一方、同じく厚生労働省年金局が実施した「令和5年国民年金被保険者実態調査」では、国民年金第1号被保険者の保険料納付状況が公表されています。これによると、学生の保険料納付状況については、学生納付特例者が58.2%で、納付者は30.5%です。
6割近い学生が納付特例を受ける反面、追納を選択する方の割合は1割以下と、多いとはいえないことが見て取れます。
60歳以降に「任意加入」することでも年金を満額に近づけることが可能
納付特例によって猶予された場合、国民年金の受給額を満額に近づける方法は追納だけに限らず、60歳以降に国民年金へ「任意加入」することでも増額が可能です。
また、日本年金機構によれば、納付猶予の承認を受けた期間の翌年度から起算して3年度目以降に追納した場合、当時の保険料額に、経過期間に応じた加算額が上乗せされますが、任意加入の場合には加算が適用されません。
そのため、現在追納していない方が将来、こちらを選択することも十分に考えられます。
老後の生活を考慮すると「任意加入」もひとつの選択
ここで、学生納付特例による猶予を受けた後、「何もしなかった場合」と「任意加入した場合」の年金受給額を比べてみましょう。
国民年金の受給額は、40年間の納付期間のうち実際に納付した月数に基づき、以下のように計算されます。なお、以下の試算は目安となるもので、「保険料の一部/全額免除」などの制度は含めずに計算しています。
・年金受給額=83万1700円(令和7年度の満額の年金額)×(保険料納付済月数÷480ヶ月)
仮に2年間の学生納付特例を受け、その他の期間は全て保険料を納付し、「追納」「任意加入」のどちらもしない場合の年金額は以下のようになります。
・追納や任意加入しない場合
83万1700円×(480ヶ月-24ヶ月)÷480ヶ月=79万115円
満額受給と比べると、年間で「4万1585円」の差が発生することが分かります。一方で、日本年金機構によれば、令和7年度の国民年金保険料は1ヶ月あたり「1万7510円」です。
これを基にした24ヶ月分の保険料は「42万240円」であり、仮にこの全額を任意加入で支払った場合、上記の差額から保険料の分を回収するために必要な期間を割り出すと、「約10年」となります。
つまり、65歳を受給開始年齢と想定した場合は「任意加入するとおよそ75歳ごろから損得が逆転し、以降は差額分の得をする可能性がある」という試算結果になりました。
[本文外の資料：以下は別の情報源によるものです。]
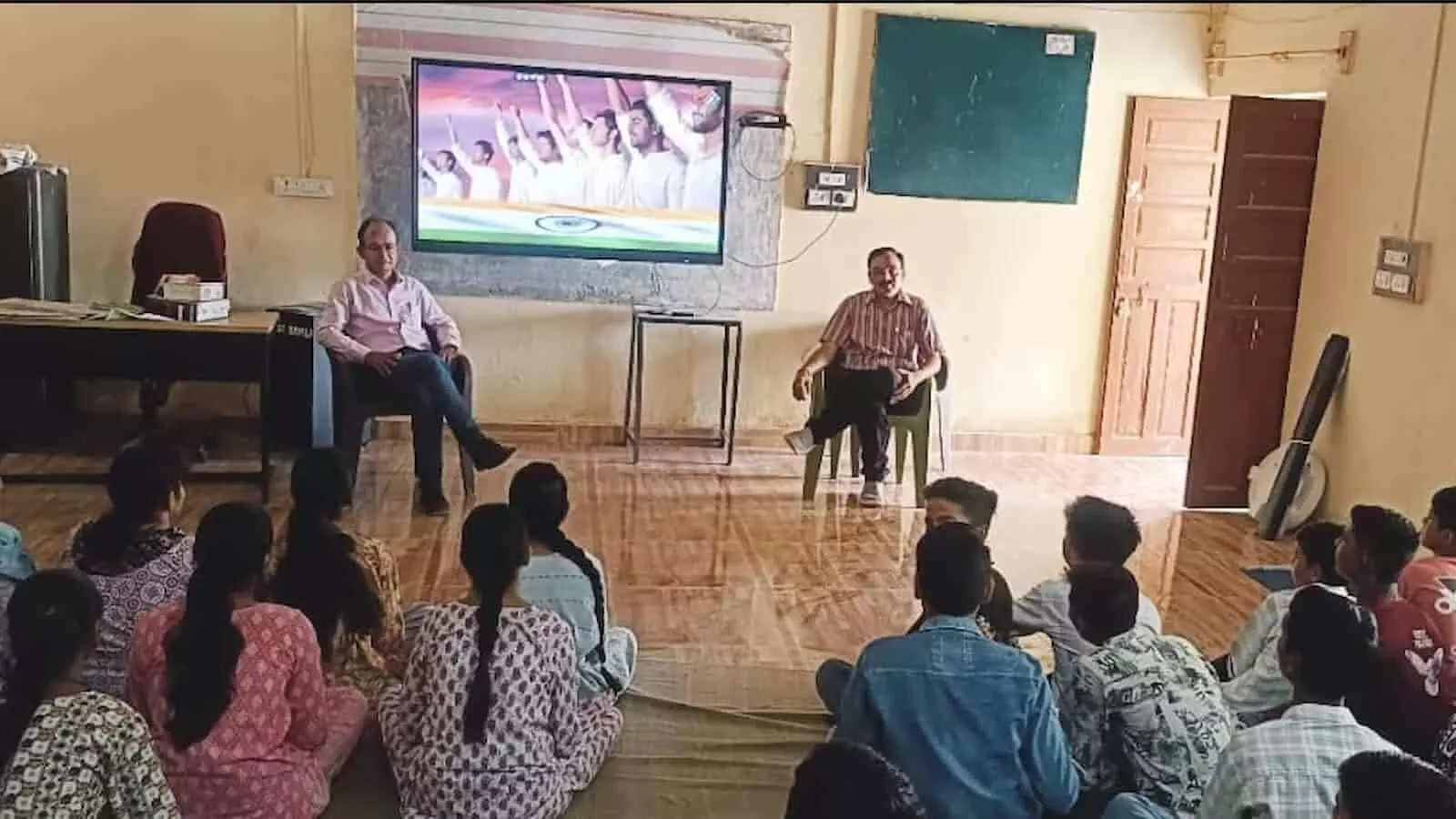 विद्यालय में स्क्रीन के सामने बैठकर लोकतंत्र की जानकारी लेते स्कूली विद्यार्थी। विद्यालय में स्क्रीन के सामने बैठकर लोकतंत्र की जानकारी लेते स्कूली विद्यार्थी।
もちろん、国民年金の支給額は個人の加入期間や免除分の支払い有無などによっても変わってきますので、一概には言えません。しかしながら、ある程度の健康寿命を考慮した場合、追納していない保険料を任意加入で補うことは、選択肢に入るのではないでしょうか。
まとめ
学生納付特例はあくまで保険料の猶予ですので、未納分を任意加入で補うことで、長い目で見た受給額のアップにつながる可能性があります。
ただし、個別のケースを勘案して正確な試算結果を知りたい場合は、ご自身の納付状況を確認の上、ファイナンシャル・プランナーや社会保険労務士などの専門家に相談するのがよいかもしれません。
出典
厚生労働省年金局 第22回社会保障審議会年金部会 資料2 国民年金保険料の納付猶予制度について(2ページ)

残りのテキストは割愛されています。